Une réunion des ministres des affaires féminines et des femmes, sous l’égide de la Communauté économique des Etats de l’Afrique de l’Ouest (CEDEAO) a, à Abidjan en Côte d’Ivoire, décidé en février 2017 que le Conseil des ministres de la communauté économique régionale soit chargé de poursuivre la mise en œuvre de l’égalité des genres. A cet égard, une présentation sera faite sur les questions de genre en Afrique de l’Ouest lors des réunions périodiques du Sommet des Chefs d’Etats. Cette décision devrait faire de l’égalité des genres un élément central des discours socio-économiques et politiques au niveau de la gouvernance dans la région.

En outre, afin de coordonner les efforts de concentration sur le genre et les droits, l’Afrique du Sud a créé une Commission pour l’égalité des genres, soutenue par la Constitution, chargée de “surveiller et évaluer les politiques et les pratiques du gouvernement, du secteur privé et d’autres organisations pour s’assurer qu’ils favorisent et protègent l’égalité des genres”.

Certaines institutions africaines sont déjà en train de joindre l’acte à la parole. United Bank for Africa, un groupe financier panafricain de premier plan, présent dans 20 pays africains, aux États-Unis, au Royaume-Uni et en France, a une forte représentation des femmes, soit au sein de ses Conseils d’administration, soit en tant que directrices générales de filiales, ou cadres supérieurs aux postes clés à travers le Groupe.

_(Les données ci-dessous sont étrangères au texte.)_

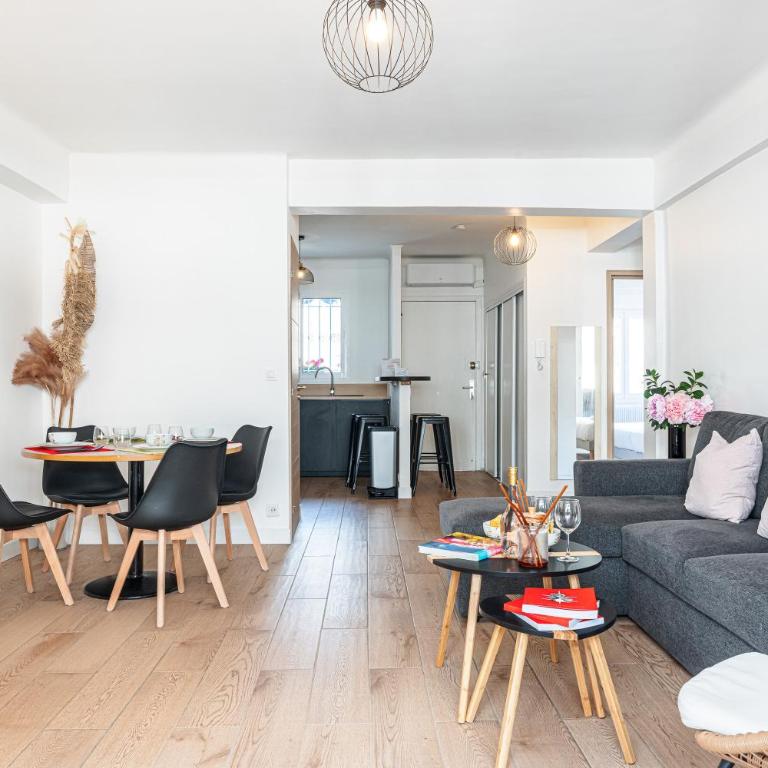 2 Bedrooms Antibes Center, Balcony - Happy Rentals - Apartment with Balcony - 12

En Europe, la tendance est la même. Deux rapports de Reuters sur la France et l’Allemagne illustrent de façon palpable cette tendance. En janvier 2011, le Parlement français a approuvé une loi obligeant les sociétés cotées à la Bourse, avec plus de 500 employés ou des revenus supérieurs à 50 millions d’euros, à allouer au moins 40% des sièges aux femmes dans un délai de 6 ans. Environ 2.000 entreprises bénéficieront de la législation. Auparavant, un rapport parlementaire révélait qu’en 2010, 15% des membres des Conseils des sociétés du CAC 40 étaient des femmes. En Allemagne, en mars 2015, juste avant la Journée de la Femme, la Chambre basse allemande, consciente de la faible représentation des femmes dans les organisations patronales, a adopté une loi sur le ‘système de quotas’ obligeant les plus grandes entreprises allemandes à allouer 30% des sièges d’administrateurs non exécutifs aux femmes. Ironiquement, bien que l’Allemagne ait une chancelière, Angela Merkel, depuis plus d’une décennie, il n’y a aucune femme DG dans les 30 premières entreprises du pays.

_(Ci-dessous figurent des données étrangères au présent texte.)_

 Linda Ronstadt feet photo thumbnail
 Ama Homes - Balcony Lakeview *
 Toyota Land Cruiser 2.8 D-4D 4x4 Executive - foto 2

Dans l’ensemble, avec toutes ces récentes actions positives nationales et internationales, nous reconnaissons les grands progrès réalisés par les femmes dans le monde entier, dans l’histoire et de nos jours. De toute évidence, avec l’implication, la mobilisation et l’autonomisation économique des femmes, nous pouvons tous en faire plus, et faire avancer la société, plus loin et plus vite.

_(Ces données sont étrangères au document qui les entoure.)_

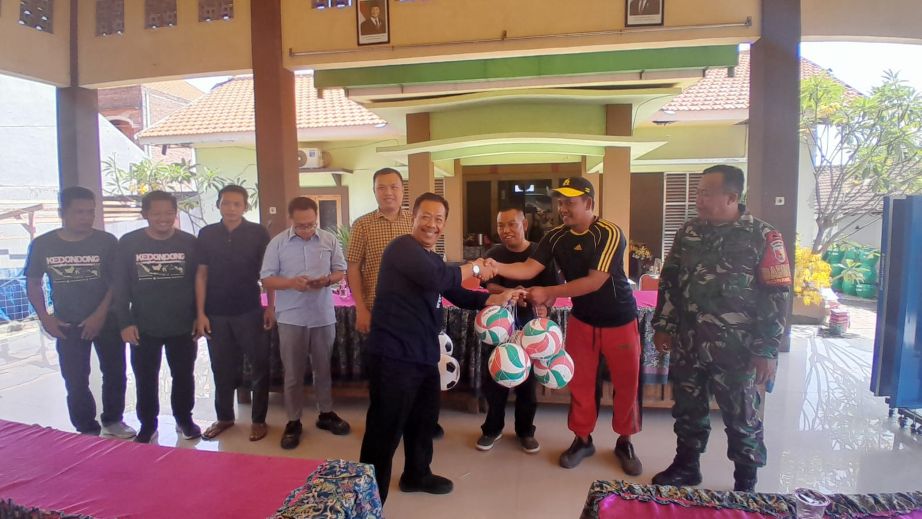 Penyerahan bantuan alat olahraga dari Disporapar Sidoarjo. foto ist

Enfin, les entreprises, les communautés et les pays doivent continuellement créer un environnement et des structures propices et s’engager dans des actions pour permettre aux femmes d’en faire plus et de viser plus haut. Ainsi, au-delà de la Journée internationale de la femme, le monde se montre respectueux envers toutes les mères, les sœurs, les femmes et les filles! Tous les jours!! Et partout!!